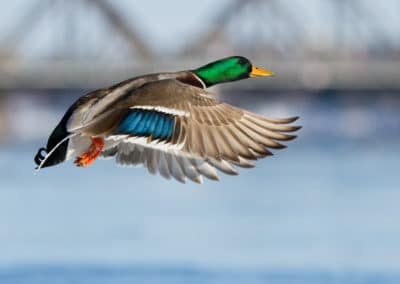 Canada Québec Pointe aux Outardes oiseau
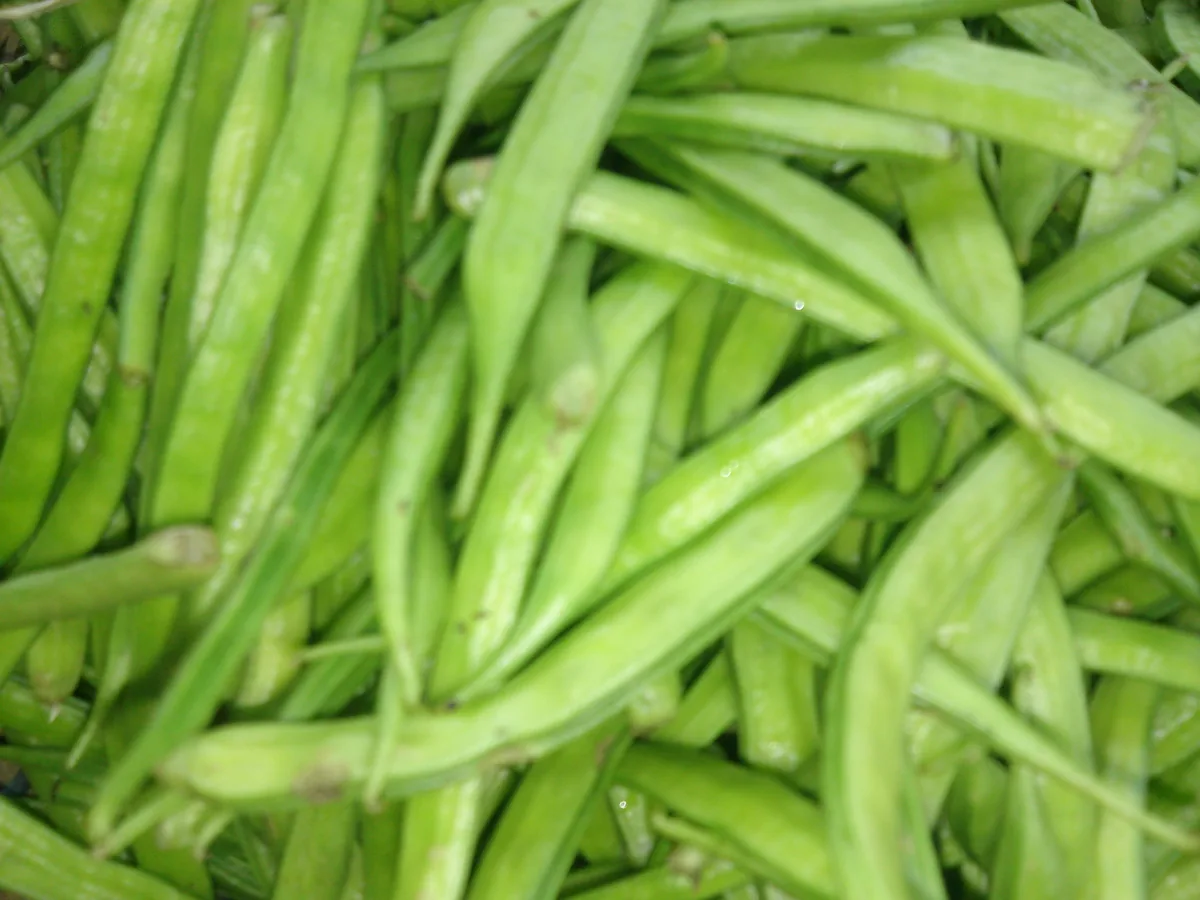 Photo: Thamizhpparithi Maari, via Wikimedia Commons · CC BY-SA 3.0 · via Wikimedia Commons guar bean (Cyamopsis tetragonoloba), photograph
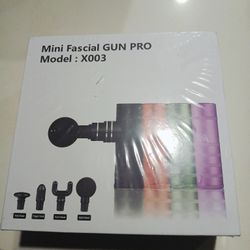 Mini Facial Gun Pro
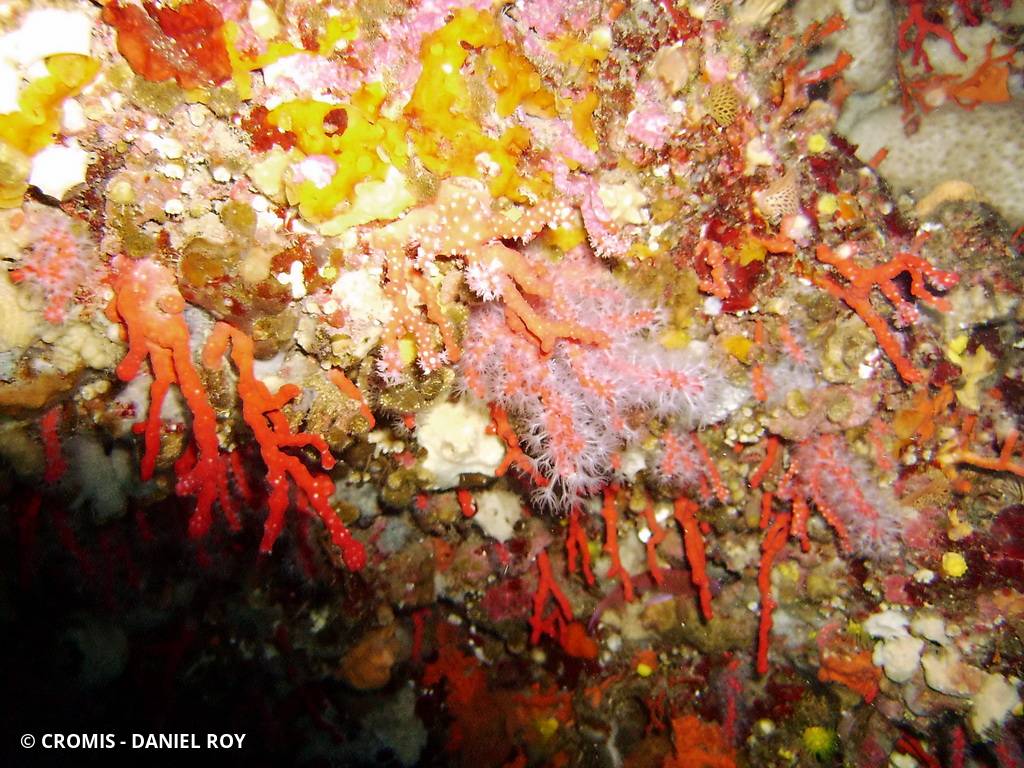 Corail rouge de Méditerranée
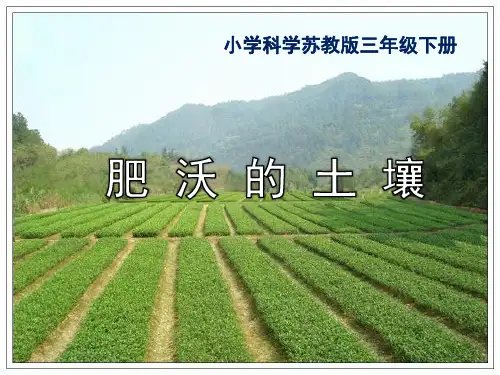 三年级下册科学课件-1.3肥沃的土壤 ｜苏教版  (共12张PPT)
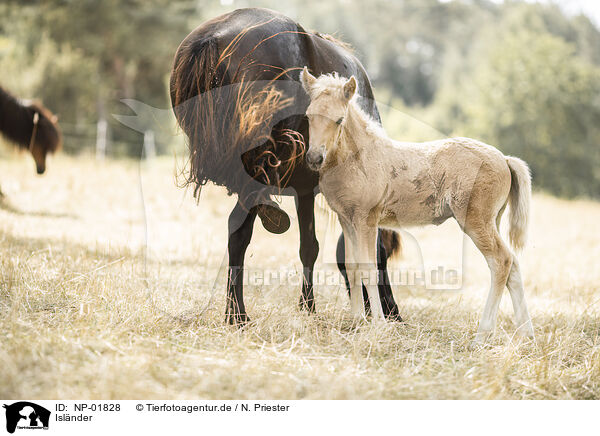 Islnder / Icelandic horses / NP-01828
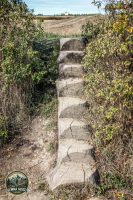 Watermark_34IMG_1665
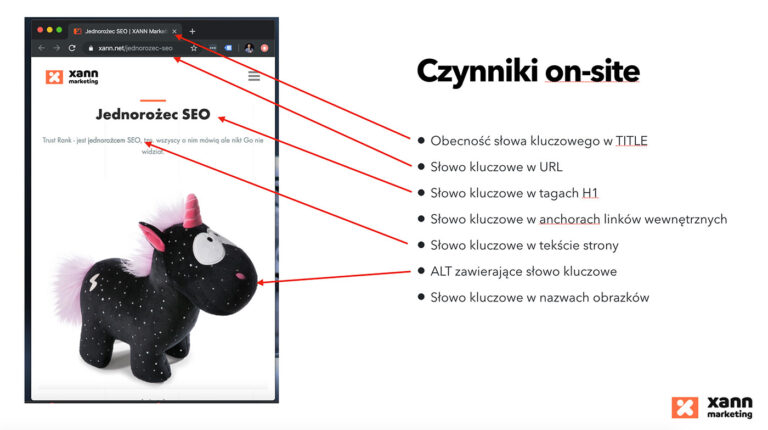 Jednorożec SEO – czym jest i czego uczy o pozycjonowaniu?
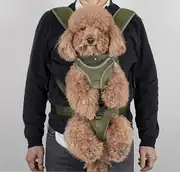 Köpek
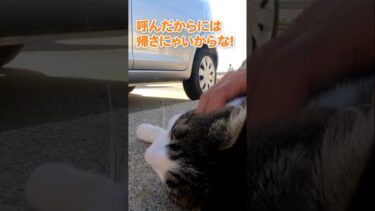 「しょうがにゃいから構ってあげるにゃ…」#shorts【感動猫動画】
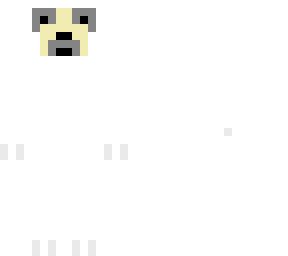 bella the sloth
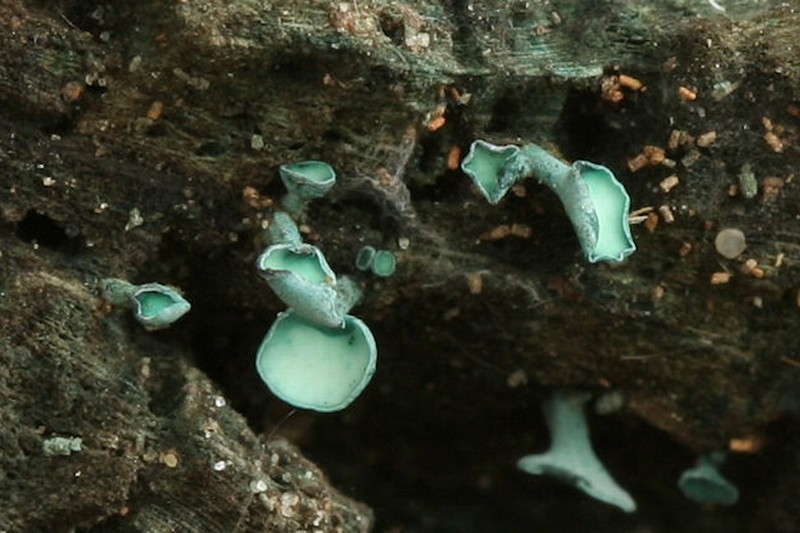 Chlorociboria aeruginascens (door Betsie van der Kruijs)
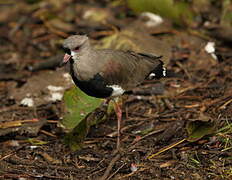 Southern Lapwing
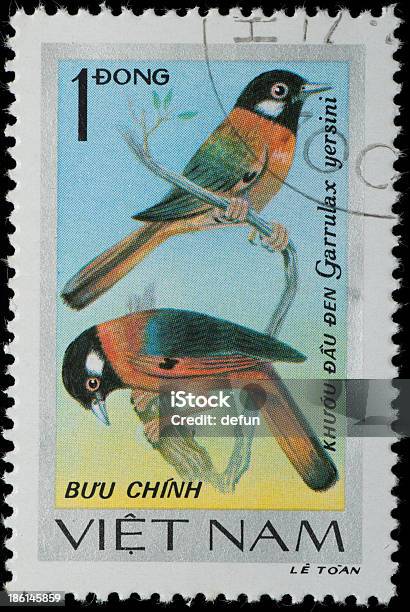 Vietnam Briefmarke Tier Songbird Stockfoto und mehr Bilder von 1978 - 1978, Altertümlich, Bildhintergrund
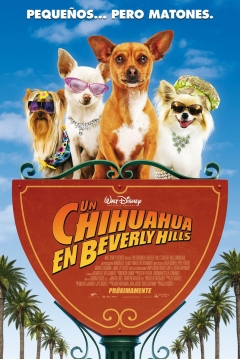 Ficha Un Chihuahua en Beverly Hills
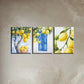 3pcs Lemon with Blue Window & Basket Metal Print Ready to Hang Art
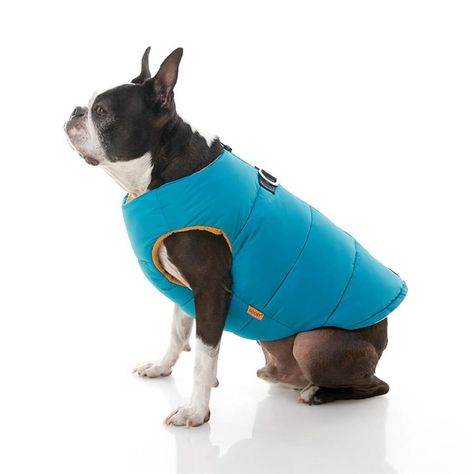 The best dog coats for winter in 2021- TODAY Pet Coats, Small Dog Sweaters, Padded Vest, What Dogs, Up Dog, Dog Vest, Pet Fashion, Sporting Dogs, Dog Jacket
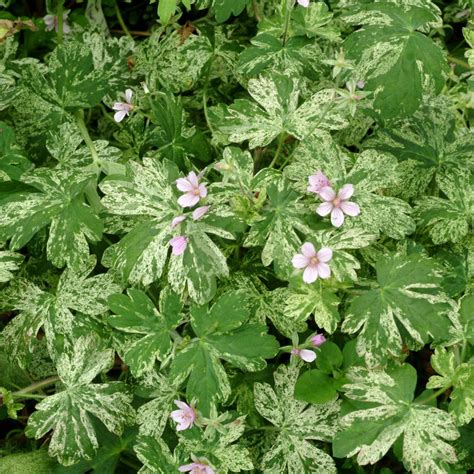 Geranium ‘Confetti’ | TERRA NOVA® Nurseries, Inc.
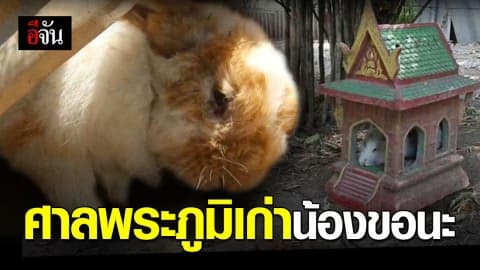 รับบริจาคศาลพระภูมิเก่า เป็นบ้านใหม่ให้กระต่าย
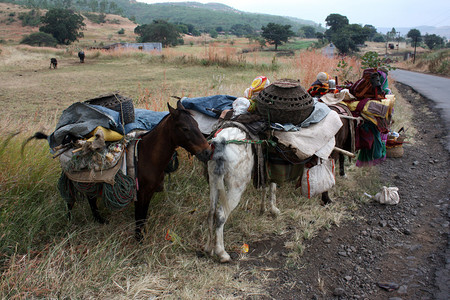 运送印度游牧部落归属的马在印度的一背景图片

○ ○ ○ ○

Task instructions: Please reproduce every record exactly as written, excluding the pictures.

Solution to this problem:
 Canada Québec Pointe aux Outardes oiseau
 Photo: Thamizhpparithi Maari, via Wikimedia Commons · CC BY-SA 3.0 · via Wikimedia Commons guar bean (Cyamopsis tetragonoloba), photograph
 Mini Facial Gun Pro
 Corail rouge de Méditerranée
 三年级下册科学课件-1.3肥沃的土壤 ｜苏教版  (共12张PPT)
 Islnder / Icelandic horses / NP-01828
 Watermark_34IMG_1665
 Jednorożec SEO – czym jest i czego uczy o pozycjonowaniu?
 Köpek
 「しょうがにゃいから構ってあげるにゃ…」#shorts【感動猫動画】
 bella the sloth
 Chlorociboria aeruginascens (door Betsie van der Kruijs)
 Southern Lapwing
 Vietnam Briefmarke Tier Songbird Stockfoto und mehr Bilder von 1978 - 1978, Altertümlich, Bildhintergrund
 Ficha Un Chihuahua en Beverly Hills
 3pcs Lemon with Blue Window & Basket Metal Print Ready to Hang Art
 The best dog coats for winter in 2021- TODAY Pet Coats, Small Dog Sweaters, Padded Vest, What Dogs, Up Dog, Dog Vest, Pet Fashion, Sporting Dogs, Dog Jacket
 Geranium ‘Confetti’ | TERRA NOVA® Nurseries, Inc.
 รับบริจาคศาลพระภูมิเก่า เป็นบ้านใหม่ให้กระต่าย
 运送印度游牧部落归属的马在印度的一背景图片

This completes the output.